● **PROBLEM**: Make an exact copy of the whole listing, but leave its pictures out.

● **RECORDED DATA**:
··········

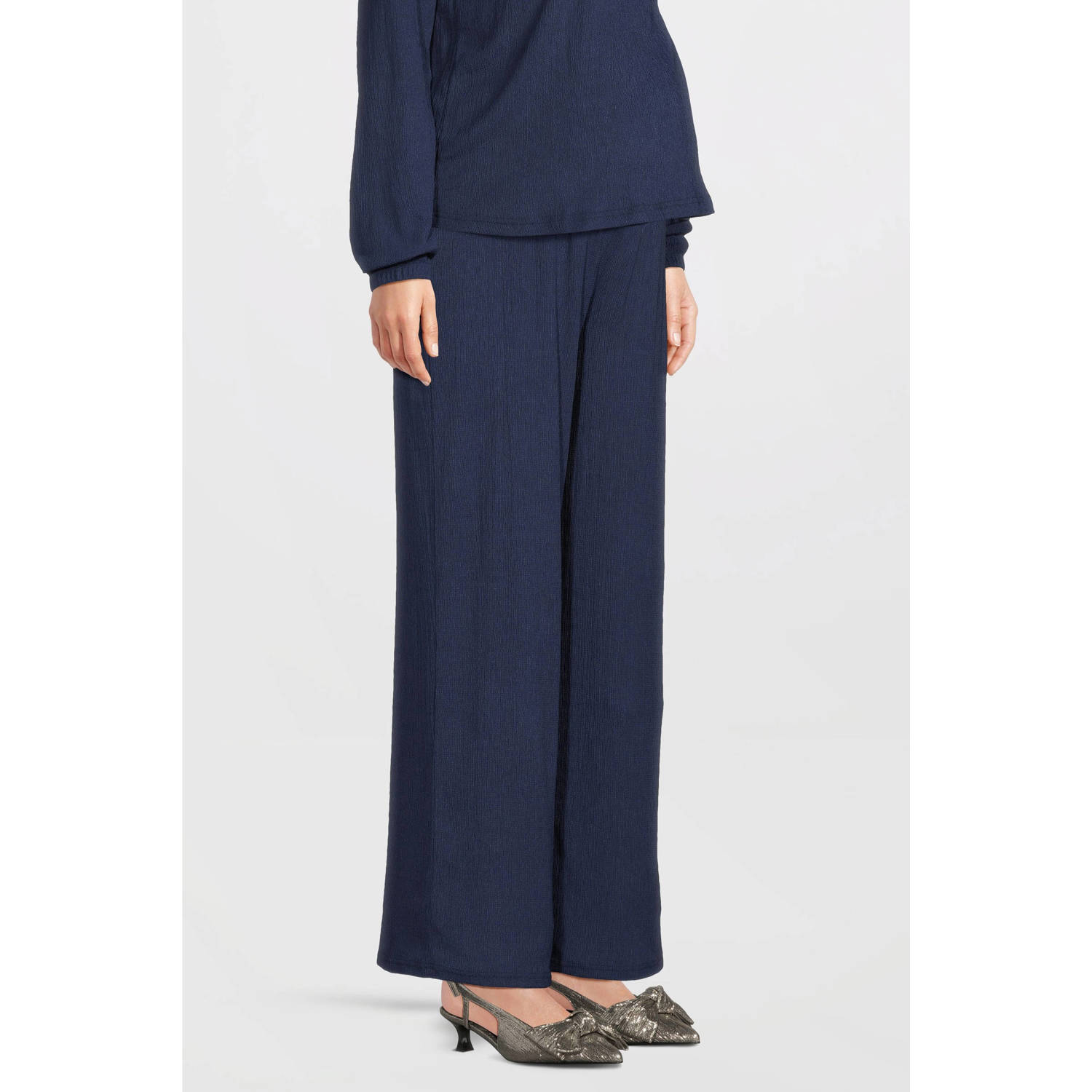 ONLY MATERNITY wide leg zwangerschapspantalon OLMNANCY donkerblauw Broek Dames Polyester XXL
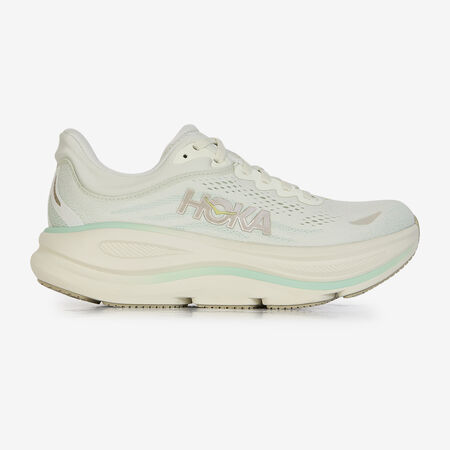 HOKA BONDI 9 BEIGE/GREEN WOMEN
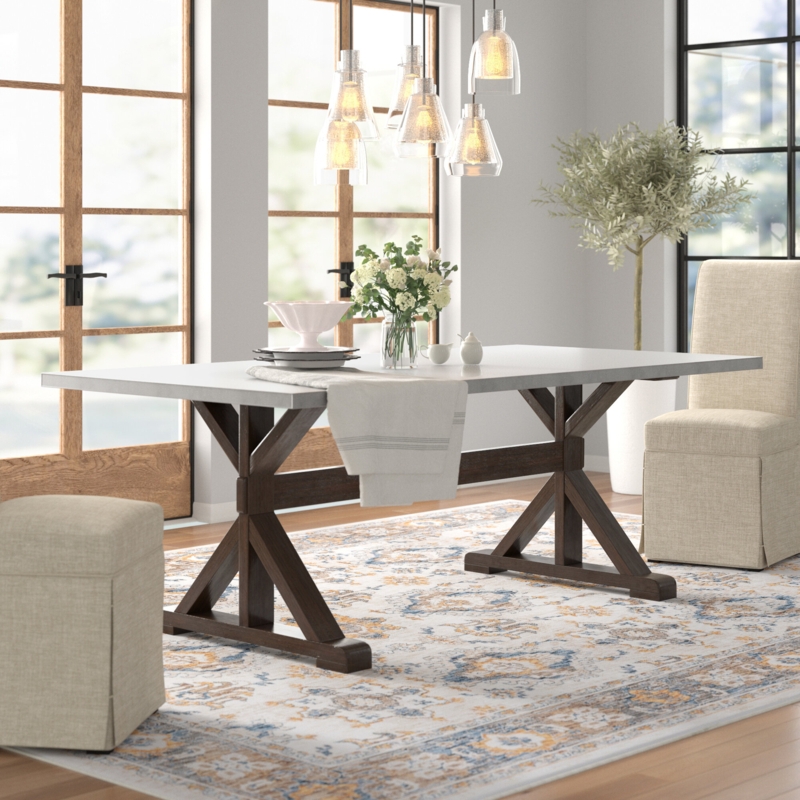 Wood Trestle and Stainless Steel Dining Table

··········

● **TASK RESPONSE**:
 ONLY MATERNITY wide leg zwangerschapspantalon OLMNANCY donkerblauw Broek Dames Polyester XXL
 HOKA BONDI 9 BEIGE/GREEN WOMEN
 Wood Trestle and Stainless Steel Dining Table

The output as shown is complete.